Aunt and cousin of George Floyd to commemorate MLK Jr. at ULS

Angela Harrelson and Paris Stevens, co-founders of the George Floyd Global Memorial, will speak at Wednesday’s University Lecture Series. WIKIMEDIA

Angela Harrelson and Paris Stevens, the aunt and cousin of George Floyd, will discuss Martin Luther King Jr.’s contributions to the civil rights movement and the work left to be done at the University Lecture Series (ULS) on Wednesday. 

The event, which marks the first of the spring semester, will take place from 8-9 p.m. in the Marshall Student Center Ballroom. Although it is not required, students can register for the free event through BullsConnect. Doors will open at 7:30 p.m.

The lecture will consist of a 45-minute moderated Q&A followed by a 15-minute audience Q&A. Stevens and Harrelson are being paid $15,000 by the Center of Student Involvement (CSI), according to CSI graduate assistant for programs Hannah Sutherland. 

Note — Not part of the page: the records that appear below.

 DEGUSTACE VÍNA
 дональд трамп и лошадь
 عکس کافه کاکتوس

Sutherland said 19 students have registered for the event as of Tuesday.

In her book “Lift Your Voice: How My Nephew George Floyd’s Murder Changed The World,” Harrelson discusses Floyd’s life and how solutions to racism can be found through his death, according to the book overview. She is also a registered nurse working in Minneapolis. 

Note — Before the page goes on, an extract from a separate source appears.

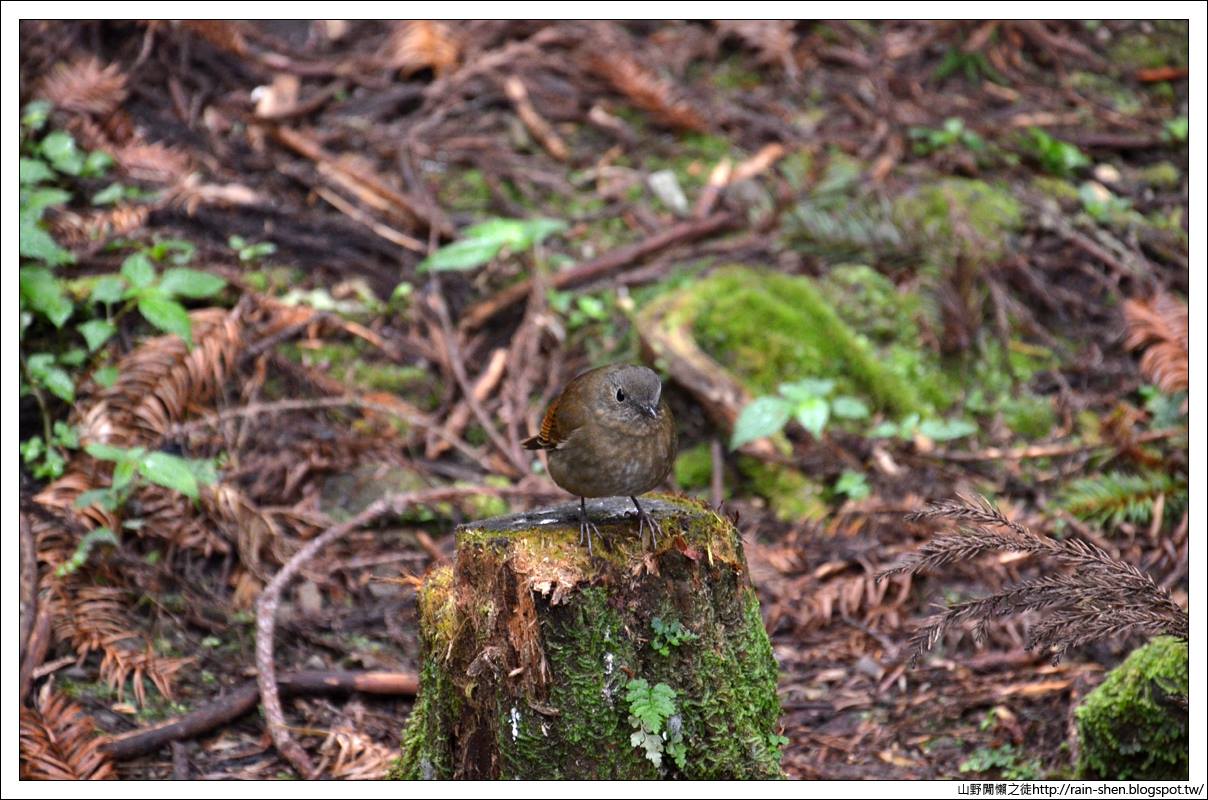 【南投】鹿谷．溪頭森林遊樂園區（附地圖）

“People worry that the activism spurred by Perry’s killing will fade away, and his death will become just another story. I don’t think that will happen,” Harrelson wrote in her book

“My nephew’s death made an incredible, huge impact on the world; I think, in the long chain of incidents where white police killed Black folks, his death was the turning point.”

Prior to Floyd’s death, Harrelson said people did not want to discuss racism even in progressive cities, according to the Minneapolis Foundation. Now, she said she hopes to encourage conversations surrounding race and push for progressive action to be taken.

Both Stevens and Harrelson founded the George Floyd Global Memorial in order to preserve creative expressions such as murals, paintings and protest signs left as offerings where Floyd died, according to their website. The organization hopes to ensure that the stories of the community are told and used as educational resources in the future.

“Our goal must be to go forward and bring about change so that our children and their children can have a better life, and we can’t do that with hate,” Harrelson wrote. 

“We keep the fight for equality going, fueled with forgiveness and love, because what we’re fighting for is about love and acceptance.”